▶ _Short text fragments from websites_
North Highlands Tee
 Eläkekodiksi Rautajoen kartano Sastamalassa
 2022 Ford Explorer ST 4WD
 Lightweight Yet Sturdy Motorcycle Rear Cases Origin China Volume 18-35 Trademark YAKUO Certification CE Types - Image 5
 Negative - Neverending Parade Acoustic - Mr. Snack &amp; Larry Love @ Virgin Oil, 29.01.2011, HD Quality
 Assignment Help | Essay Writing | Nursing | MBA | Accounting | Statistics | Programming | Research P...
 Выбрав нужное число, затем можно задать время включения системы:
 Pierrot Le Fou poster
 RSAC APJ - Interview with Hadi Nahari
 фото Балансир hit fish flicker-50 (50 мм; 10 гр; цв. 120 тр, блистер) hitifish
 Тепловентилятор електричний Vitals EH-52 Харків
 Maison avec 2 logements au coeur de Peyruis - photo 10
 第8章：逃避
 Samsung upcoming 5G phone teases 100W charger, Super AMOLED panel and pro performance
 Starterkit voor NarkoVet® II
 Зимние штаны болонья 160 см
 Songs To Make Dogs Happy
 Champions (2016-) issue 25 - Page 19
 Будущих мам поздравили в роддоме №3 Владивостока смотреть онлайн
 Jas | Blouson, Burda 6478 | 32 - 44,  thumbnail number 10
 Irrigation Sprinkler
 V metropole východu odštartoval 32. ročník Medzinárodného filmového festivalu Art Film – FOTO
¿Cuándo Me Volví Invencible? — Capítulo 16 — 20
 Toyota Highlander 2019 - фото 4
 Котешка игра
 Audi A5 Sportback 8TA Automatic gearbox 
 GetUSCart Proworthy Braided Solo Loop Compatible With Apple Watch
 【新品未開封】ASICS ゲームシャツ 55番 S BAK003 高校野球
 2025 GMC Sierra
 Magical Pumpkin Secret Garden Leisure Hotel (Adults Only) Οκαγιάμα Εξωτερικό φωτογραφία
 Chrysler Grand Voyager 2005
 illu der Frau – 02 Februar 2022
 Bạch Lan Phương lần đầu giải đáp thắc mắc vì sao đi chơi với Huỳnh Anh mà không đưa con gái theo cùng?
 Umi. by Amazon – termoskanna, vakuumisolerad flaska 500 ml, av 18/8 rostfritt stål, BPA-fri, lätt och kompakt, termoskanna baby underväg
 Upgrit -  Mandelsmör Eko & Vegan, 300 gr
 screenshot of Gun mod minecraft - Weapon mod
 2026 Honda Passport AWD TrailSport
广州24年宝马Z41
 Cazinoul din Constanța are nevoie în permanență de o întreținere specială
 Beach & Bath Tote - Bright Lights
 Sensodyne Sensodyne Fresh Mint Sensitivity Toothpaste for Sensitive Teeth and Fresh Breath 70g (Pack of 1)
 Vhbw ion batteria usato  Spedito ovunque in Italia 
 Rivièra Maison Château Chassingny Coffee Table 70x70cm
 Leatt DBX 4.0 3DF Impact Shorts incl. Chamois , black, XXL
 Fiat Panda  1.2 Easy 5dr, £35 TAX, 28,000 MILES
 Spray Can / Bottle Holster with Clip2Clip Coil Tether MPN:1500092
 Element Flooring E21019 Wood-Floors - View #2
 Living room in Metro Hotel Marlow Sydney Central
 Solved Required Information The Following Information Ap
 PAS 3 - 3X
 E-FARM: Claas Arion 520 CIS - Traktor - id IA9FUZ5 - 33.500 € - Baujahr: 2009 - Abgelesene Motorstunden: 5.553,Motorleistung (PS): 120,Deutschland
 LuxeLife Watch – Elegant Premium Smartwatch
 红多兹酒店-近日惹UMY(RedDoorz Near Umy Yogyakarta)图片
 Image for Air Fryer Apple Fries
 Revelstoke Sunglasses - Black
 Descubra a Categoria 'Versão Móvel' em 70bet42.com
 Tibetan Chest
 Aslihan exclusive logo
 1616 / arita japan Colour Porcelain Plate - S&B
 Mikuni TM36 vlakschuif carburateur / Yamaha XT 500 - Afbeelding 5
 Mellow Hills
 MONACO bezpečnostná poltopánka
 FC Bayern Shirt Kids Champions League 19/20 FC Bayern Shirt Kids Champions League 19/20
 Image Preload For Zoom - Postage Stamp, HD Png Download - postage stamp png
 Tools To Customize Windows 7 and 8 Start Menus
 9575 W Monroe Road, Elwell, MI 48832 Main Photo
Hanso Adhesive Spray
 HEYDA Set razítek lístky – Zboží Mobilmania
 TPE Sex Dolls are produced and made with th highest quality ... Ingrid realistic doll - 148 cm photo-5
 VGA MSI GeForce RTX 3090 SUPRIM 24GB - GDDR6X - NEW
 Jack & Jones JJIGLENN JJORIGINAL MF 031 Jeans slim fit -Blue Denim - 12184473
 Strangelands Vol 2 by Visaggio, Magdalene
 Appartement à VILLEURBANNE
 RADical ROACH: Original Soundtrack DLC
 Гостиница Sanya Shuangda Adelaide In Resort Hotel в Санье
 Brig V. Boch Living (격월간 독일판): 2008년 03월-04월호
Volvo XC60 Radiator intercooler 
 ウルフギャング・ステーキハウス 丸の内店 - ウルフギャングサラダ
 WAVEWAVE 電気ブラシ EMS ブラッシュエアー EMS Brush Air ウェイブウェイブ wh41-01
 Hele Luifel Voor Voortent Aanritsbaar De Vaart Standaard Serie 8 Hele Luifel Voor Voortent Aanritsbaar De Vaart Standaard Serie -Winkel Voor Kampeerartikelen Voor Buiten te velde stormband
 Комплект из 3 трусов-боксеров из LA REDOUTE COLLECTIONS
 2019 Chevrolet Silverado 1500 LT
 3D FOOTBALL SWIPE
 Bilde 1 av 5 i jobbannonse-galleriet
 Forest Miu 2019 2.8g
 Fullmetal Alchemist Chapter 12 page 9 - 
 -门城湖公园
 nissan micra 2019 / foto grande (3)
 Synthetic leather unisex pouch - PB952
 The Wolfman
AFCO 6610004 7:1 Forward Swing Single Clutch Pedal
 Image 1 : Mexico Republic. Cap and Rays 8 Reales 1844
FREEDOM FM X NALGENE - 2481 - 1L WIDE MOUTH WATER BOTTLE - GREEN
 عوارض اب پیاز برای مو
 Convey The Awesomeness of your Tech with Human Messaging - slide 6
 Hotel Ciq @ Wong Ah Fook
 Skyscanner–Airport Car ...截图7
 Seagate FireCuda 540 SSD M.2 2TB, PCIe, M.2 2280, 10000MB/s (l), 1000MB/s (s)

▶ _Task objective_
The records above are to be restated word for word, in full.

▶ _Reply to the exercise_
North Highlands Tee
 Eläkekodiksi Rautajoen kartano Sastamalassa
 2022 Ford Explorer ST 4WD
 Lightweight Yet Sturdy Motorcycle Rear Cases Origin China Volume 18-35 Trademark YAKUO Certification CE Types - Image 5
 Negative - Neverending Parade Acoustic - Mr. Snack &amp; Larry Love @ Virgin Oil, 29.01.2011, HD Quality
 Assignment Help | Essay Writing | Nursing | MBA | Accounting | Statistics | Programming | Research P...
 Выбрав нужное число, затем можно задать время включения системы:
 Pierrot Le Fou poster
 RSAC APJ - Interview with Hadi Nahari
 фото Балансир hit fish flicker-50 (50 мм; 10 гр; цв. 120 тр, блистер) hitifish
 Тепловентилятор електричний Vitals EH-52 Харків
 Maison avec 2 logements au coeur de Peyruis - photo 10
 第8章：逃避
 Samsung upcoming 5G phone teases 100W charger, Super AMOLED panel and pro performance
 Starterkit voor NarkoVet® II
 Зимние штаны болонья 160 см
 Songs To Make Dogs Happy
 Champions (2016-) issue 25 - Page 19
 Будущих мам поздравили в роддоме №3 Владивостока смотреть онлайн
 Jas | Blouson, Burda 6478 | 32 - 44,  thumbnail number 10
 Irrigation Sprinkler
 V metropole východu odštartoval 32. ročník Medzinárodného filmového festivalu Art Film – FOTO
¿Cuándo Me Volví Invencible? — Capítulo 16 — 20
 Toyota Highlander 2019 - фото 4
 Котешка игра
 Audi A5 Sportback 8TA Automatic gearbox 
 GetUSCart Proworthy Braided Solo Loop Compatible With Apple Watch
 【新品未開封】ASICS ゲームシャツ 55番 S BAK003 高校野球
 2025 GMC Sierra
 Magical Pumpkin Secret Garden Leisure Hotel (Adults Only) Οκαγιάμα Εξωτερικό φωτογραφία
 Chrysler Grand Voyager 2005
 illu der Frau – 02 Februar 2022
 Bạch Lan Phương lần đầu giải đáp thắc mắc vì sao đi chơi với Huỳnh Anh mà không đưa con gái theo cùng?
 Umi. by Amazon – termoskanna, vakuumisolerad flaska 500 ml, av 18/8 rostfritt stål, BPA-fri, lätt och kompakt, termoskanna baby underväg
 Upgrit -  Mandelsmör Eko & Vegan, 300 gr
 screenshot of Gun mod minecraft - Weapon mod
 2026 Honda Passport AWD TrailSport
广州24年宝马Z41
 Cazinoul din Constanța are nevoie în permanență de o întreținere specială
 Beach & Bath Tote - Bright Lights
 Sensodyne Sensodyne Fresh Mint Sensitivity Toothpaste for Sensitive Teeth and Fresh Breath 70g (Pack of 1)
 Vhbw ion batteria usato  Spedito ovunque in Italia 
 Rivièra Maison Château Chassingny Coffee Table 70x70cm
 Leatt DBX 4.0 3DF Impact Shorts incl. Chamois , black, XXL
 Fiat Panda  1.2 Easy 5dr, £35 TAX, 28,000 MILES
 Spray Can / Bottle Holster with Clip2Clip Coil Tether MPN:1500092
 Element Flooring E21019 Wood-Floors - View #2
 Living room in Metro Hotel Marlow Sydney Central
 Solved Required Information The Following Information Ap
 PAS 3 - 3X
 E-FARM: Claas Arion 520 CIS - Traktor - id IA9FUZ5 - 33.500 € - Baujahr: 2009 - Abgelesene Motorstunden: 5.553,Motorleistung (PS): 120,Deutschland
 LuxeLife Watch – Elegant Premium Smartwatch
 红多兹酒店-近日惹UMY(RedDoorz Near Umy Yogyakarta)图片
 Image for Air Fryer Apple Fries
 Revelstoke Sunglasses - Black
 Descubra a Categoria 'Versão Móvel' em 70bet42.com
 Tibetan Chest
 Aslihan exclusive logo
 1616 / arita japan Colour Porcelain Plate - S&B
 Mikuni TM36 vlakschuif carburateur / Yamaha XT 500 - Afbeelding 5
 Mellow Hills
 MONACO bezpečnostná poltopánka
 FC Bayern Shirt Kids Champions League 19/20 FC Bayern Shirt Kids Champions League 19/20
 Image Preload For Zoom - Postage Stamp, HD Png Download - postage stamp png
 Tools To Customize Windows 7 and 8 Start Menus
 9575 W Monroe Road, Elwell, MI 48832 Main Photo
Hanso Adhesive Spray
 HEYDA Set razítek lístky – Zboží Mobilmania
 TPE Sex Dolls are produced and made with th highest quality ... Ingrid realistic doll - 148 cm photo-5
 VGA MSI GeForce RTX 3090 SUPRIM 24GB - GDDR6X - NEW
 Jack & Jones JJIGLENN JJORIGINAL MF 031 Jeans slim fit -Blue Denim - 12184473
 Strangelands Vol 2 by Visaggio, Magdalene
 Appartement à VILLEURBANNE
 RADical ROACH: Original Soundtrack DLC
 Гостиница Sanya Shuangda Adelaide In Resort Hotel в Санье
 Brig V. Boch Living (격월간 독일판): 2008년 03월-04월호
Volvo XC60 Radiator intercooler 
 ウルフギャング・ステーキハウス 丸の内店 - ウルフギャングサラダ
 WAVEWAVE 電気ブラシ EMS ブラッシュエアー EMS Brush Air ウェイブウェイブ wh41-01
 Hele Luifel Voor Voortent Aanritsbaar De Vaart Standaard Serie 8 Hele Luifel Voor Voortent Aanritsbaar De Vaart Standaard Serie -Winkel Voor Kampeerartikelen Voor Buiten te velde stormband
 Комплект из 3 трусов-боксеров из LA REDOUTE COLLECTIONS
 2019 Chevrolet Silverado 1500 LT
 3D FOOTBALL SWIPE
 Bilde 1 av 5 i jobbannonse-galleriet
 Forest Miu 2019 2.8g
 Fullmetal Alchemist Chapter 12 page 9 - 
 -门城湖公园
 nissan micra 2019 / foto grande (3)
 Synthetic leather unisex pouch - PB952
 The Wolfman
AFCO 6610004 7:1 Forward Swing Single Clutch Pedal
 Image 1 : Mexico Republic. Cap and Rays 8 Reales 1844
FREEDOM FM X NALGENE - 2481 - 1L WIDE MOUTH WATER BOTTLE - GREEN
 عوارض اب پیاز برای مو
 Convey The Awesomeness of your Tech with Human Messaging - slide 6
 Hotel Ciq @ Wong Ah Fook
 Skyscanner–Airport Car ...截图7
 Seagate FireCuda 540 SSD M.2 2TB, PCIe, M.2 2280, 10000MB/s (l), 1000MB/s (s)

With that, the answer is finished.